Students, like a clutch of freshly-hatched turtles, stagger under the weight of over-laden backpacks as they hug nervous parents goodbye and head off for a ‘gap year’ adventure.
Flying to far-flung corners of Asia, South America and Africa, they will volunteer in orphanages, schools and animal sanctuaries, gathering invaluable additions to their CVs.
Often sold as a life-changing experience combined with an exotic holiday, travel companies charge thousands of pounds for such volunteering packages.
In fact, ‘voluntourism’, as it’s been dubbed, is the fastest growing travel sector, worth an estimated £1.3 billion globally.
And it’s not just twenty-somethings who are catching the volunteering bug; nowadays, professionals in their 40s and 50s, and retirees are just as likely to seek a more meaningful foreign adventure than their usual two weeks on a sunlounger.
One recent study showed that one in four over-55s in Britain has either been on a gap year or is planning to take one, and many include a volunteering placement in their travel experience.
Yet how much ‘good’ are they actually doing? According to some experts, our Western thirst for volunteering often only serves to make the problems we are heading out to alleviate worse. And in some cases volunteers’ time and money ends up feeding a corrupt and immoral trade, which is not only ripping them off, but exposing vulnerable children to harm and exploitation.
This summer, one leading tour operator announced that it was dropping all orphanage placements – highly popular among Westerners – after concerns that institutions were being set up purely to make money from tourists, using children who were not genuine orphans.
Caroline Green certainly had her eyes opened when she volunteered in Thailand earlier this year.
The 45-year-old, who runs her own hairdressing and hair extensions business, had become increasingly preoccupied by the world’s inequalities and injustices.

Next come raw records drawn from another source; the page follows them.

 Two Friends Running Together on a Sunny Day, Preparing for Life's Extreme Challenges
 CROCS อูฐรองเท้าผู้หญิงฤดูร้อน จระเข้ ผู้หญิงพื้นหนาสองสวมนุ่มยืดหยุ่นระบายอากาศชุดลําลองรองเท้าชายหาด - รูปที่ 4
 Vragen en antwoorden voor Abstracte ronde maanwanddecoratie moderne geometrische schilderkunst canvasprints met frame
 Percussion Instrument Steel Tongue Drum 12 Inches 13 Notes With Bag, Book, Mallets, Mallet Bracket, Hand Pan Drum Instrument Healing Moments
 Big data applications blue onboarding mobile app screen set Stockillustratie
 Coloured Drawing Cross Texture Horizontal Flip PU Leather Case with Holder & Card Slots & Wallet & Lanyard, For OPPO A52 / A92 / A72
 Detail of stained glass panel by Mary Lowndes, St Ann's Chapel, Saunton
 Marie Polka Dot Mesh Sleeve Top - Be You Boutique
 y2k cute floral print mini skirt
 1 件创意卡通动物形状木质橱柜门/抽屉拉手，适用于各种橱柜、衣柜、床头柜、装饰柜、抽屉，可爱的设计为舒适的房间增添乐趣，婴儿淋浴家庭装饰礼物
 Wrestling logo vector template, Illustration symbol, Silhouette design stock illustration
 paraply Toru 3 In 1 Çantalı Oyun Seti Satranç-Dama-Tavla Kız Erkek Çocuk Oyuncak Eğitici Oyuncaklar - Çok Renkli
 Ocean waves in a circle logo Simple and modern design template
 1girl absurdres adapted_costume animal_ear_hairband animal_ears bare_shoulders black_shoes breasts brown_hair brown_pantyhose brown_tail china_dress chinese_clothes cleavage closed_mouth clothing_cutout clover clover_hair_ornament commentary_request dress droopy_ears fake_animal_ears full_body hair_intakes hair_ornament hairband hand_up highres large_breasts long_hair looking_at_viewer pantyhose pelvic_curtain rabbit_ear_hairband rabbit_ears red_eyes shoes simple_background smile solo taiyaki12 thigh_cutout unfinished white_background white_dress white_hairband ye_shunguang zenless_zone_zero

‘I’ve always wanted to go and volunteer abroad. Then last year I started reading up on human trafficking (where people, normally women and children, are bought and sold by sex traders) and watching lots of documentaries and felt even more strongly about it,’ says Caroline, who is single and lives in North London.
‘I thought, even if I can make a jot of difference, it’s got to be worth it. So I started looking on the internet. Eventually, I came across an orphanage called the Dream House on the borders of Thailand and Burma, which rescued children at risk of being trafficked. There were videos on the website and it all looked amazing.’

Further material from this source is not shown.